What does that mean?
It means that this system of two similar proteins with different function arises in vertebrates as a whole system, already complete, with the two components already differentiated, and is conserved almost identical up to humans. Indeed, SATB1 and SATB2 have the same degree of homology both in sharks and in humans, and the two SATB1 proteins in shark and humans, as well as the two SATB2 proteins in shark and humans, have greater similarity, after more than 400 million years of divergence, than SATB1 and SATB2 show when compared, both in sharks and in humans.
Would you describe that as sudden appearance of huge amounts of functional information, followed by an extremely long stasis?
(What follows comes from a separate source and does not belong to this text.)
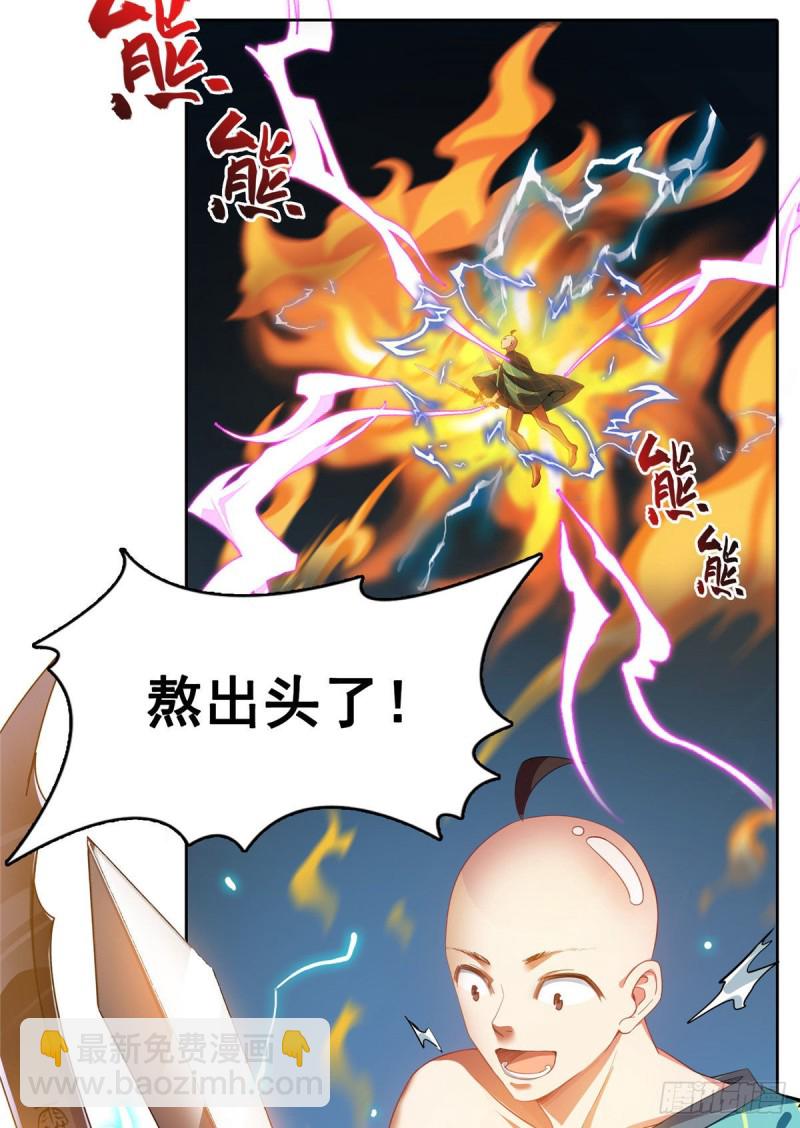 🍚修真聊天群 第338话 天涯子牌竹蜻蜓！ 第7页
I certainly would!
The following table sums up these results:
|Sequence 1||Sequence 2||Bitscore|
|SATB1 Human||SATB2 Human||854|
|SATB1 Shark||SATB2 Shark||856|
|SATB1 Human||SATB1 Shark||1203|
|SATB2 Human||SATB2 Shark||1197|
IOWs, the whole system appeared practically as it is today, before the split of cartilaginous fish and bony fish, and has retained its essential form up to now.
So, the total amount of new functional information implied by the whole system of these two proteins is about 1545 bits (considering 855 bits of common information, and 345 bits x 2 of specific information in each molecule).
An amazing amount, for a system of just two molecules, considering that 500 bits is Dembski’s Universal Probability Bound!
Let’s remember that in my previous post, quoted above, I showed that the informational jump from pre-vertebrates to vertebrates is more than 1.7 million bits. That’s a very big number, but big numbers sometimes are not easily digested. So, I believe that seeing that just two important molecules can contribute for almost 1500 bits can help us understand what we are really seeing here.
Moreover, it’s certainly not a case that those two molecules seem to be fundamental in two very particular fields:
a) The adaptive immune system
b) The nervous system
if we consider that those are exactly the two most relevant developments in vertebrates.
And, as a final note, please consider that these are very complex master regulators, which interact with tens of other complex proteins to effect their functions. The whole system is certainly much more irreducibly complex than we can imagine.
But still, just the analysis of these two sister proteins is more than enough to demonstrate that the neo Darwinian paradigm is completely inappropriate to explain what we can see in the proteome and in its natural history. And this is only one example among thousands.
So, I want to conclude repeating again this strong and very convinced statement:
The observed facts described here cannot in any way be explained by any neo-darwinian model. Absolutely not. They are extremely strong evidence for a design inference.